◆ TASK ITEM ◆
Filter these records by the string "Dress", copying each line that holds it.

** SUPPLIED ENTRIES follows **

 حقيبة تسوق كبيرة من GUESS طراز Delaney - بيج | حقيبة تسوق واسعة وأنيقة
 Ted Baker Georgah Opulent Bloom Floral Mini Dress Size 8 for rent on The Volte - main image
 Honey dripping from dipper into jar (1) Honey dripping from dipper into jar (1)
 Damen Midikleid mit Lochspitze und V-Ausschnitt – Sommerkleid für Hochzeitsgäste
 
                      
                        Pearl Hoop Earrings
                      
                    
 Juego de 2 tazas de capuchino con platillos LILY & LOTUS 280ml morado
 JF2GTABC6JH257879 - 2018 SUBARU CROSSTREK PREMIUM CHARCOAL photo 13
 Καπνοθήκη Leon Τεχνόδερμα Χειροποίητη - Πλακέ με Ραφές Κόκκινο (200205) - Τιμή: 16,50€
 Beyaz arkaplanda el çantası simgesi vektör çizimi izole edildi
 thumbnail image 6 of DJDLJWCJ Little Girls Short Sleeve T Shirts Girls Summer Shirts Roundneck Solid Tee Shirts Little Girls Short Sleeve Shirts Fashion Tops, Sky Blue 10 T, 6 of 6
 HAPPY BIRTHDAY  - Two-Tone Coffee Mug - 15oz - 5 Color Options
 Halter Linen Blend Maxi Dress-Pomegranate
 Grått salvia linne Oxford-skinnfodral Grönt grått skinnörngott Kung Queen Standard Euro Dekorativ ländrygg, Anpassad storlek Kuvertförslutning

** End of SUPPLIED ENTRIES **

◆ WRITTEN ANSWER ◆
 Ted Baker Georgah Opulent Bloom Floral Mini Dress Size 8 for rent on The Volte - main image
 Halter Linen Blend Maxi Dress-Pomegranate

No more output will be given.